Showing posts with label Calee M Lee. Show all posts
Showing posts with label Calee M Lee. Show all posts

Sunday, August 21, 2016

I Love You! by Calee M Lee, Tricia Tharp


Rating: WORTHY!

This is another of those novels that shows just how pathetic Amazon's crappy Kindle app truly is. I got the Nook app edition form barnes & Noble, and this is a young children's book which talks about how much a child is loved. It has the advantage of being readable through the text, or listenable, so your child can enjoy this even when you can't read to them right that minute. Tricia Tharp's artwork is simplistic, but elegant, and perfect for young children.

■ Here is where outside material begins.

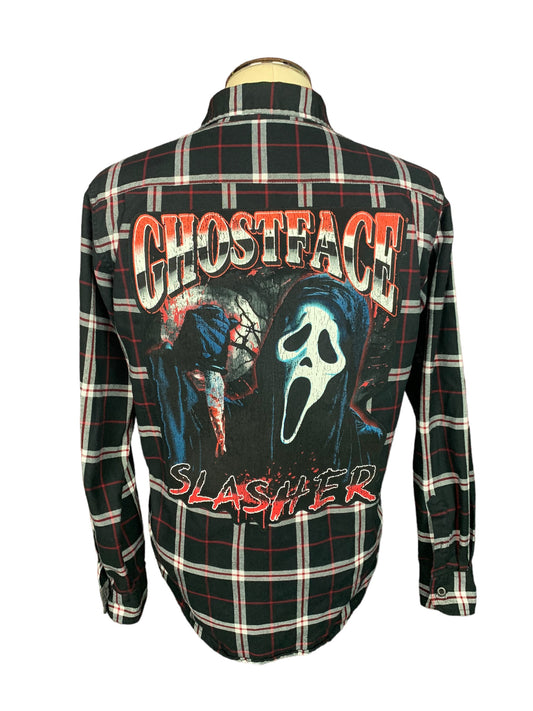 Ghostface Scream Flannel Shirt Custom Rework M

There's a bilingual edition, and it strikes me that it wouldn't be hard to make this multi-lingual, so I have to ask why the voice of choice is female. Don't males love their children? I do! There is, however, a facility whereby you can record your own voice and save it so that you can play it instead of the stock voice included, so whenever your child listens to this, they can listen to it in your voice - or in the child's own voice. I think this is pretty cool. It doesn't replace sitting your kid on your lap or tucking them into bed and reading to them personally, but it will do at a pinch. It played well and was readable on my smart phone, so it's not like you have to rush out and buy a pad for it, either. I recommend this.


Tuesday, September 29, 2015

Diggy by Calee M Lee


Rating: WARTY!

Diggy is a short and simple young children’s book illustrated simply and competently by Amy Mullen, about a guy controlling a digging machine. It’s all right as far as it goes – it shows the guy getting into his excavator and digging a hole, loading a truck with what he pulls out of the ground, and as soon as the truck leaves, the guy starts digging another hole – but that’s the problem – it doesn’t really go anywhere.

For me the problem with the book is that it misses a golden opportunity for teaching. It never explains why these holes are being dug, and while obviously you don’t want to be getting into blueprints and engineering diagrams, would it have hurt to explain, perhaps, that drainage pipes will be buried here to prevent flooding, for example – and give the kid a bit of a story? To show someone mindlessly digging holes doesn’t strike me as the best use of your child’s time – and it’s a bad example to set. I can’t recommend this book, not when it would have been so easy – and the right thing to do - to have gone the extra mile.

One of the things I fear with the explosion of self-publishing isn’t that we will get a flood of badly written books – we already had that when Big Publishing™ was in charge! No change there! No, the problem is that it’s now so easy, especially in the world of children’s books, to put something quick and easy out there for no other purpose than to make a fast buck without sparing a thought about what you’re delivering to the reader – in this case the young children at the other end. I’m not saying this is what this creative team has done by any means, just that generally speaking, it’s definitely possible for - and it’s also a big temptation to - those whose minds already lean in that direction, to take advantage. I’m glad that Big Publishing™ is no longer in charge, believe me, but now that the flood gates are open, we each of us need to be our own gatekeeper, which is the way it should have been all along.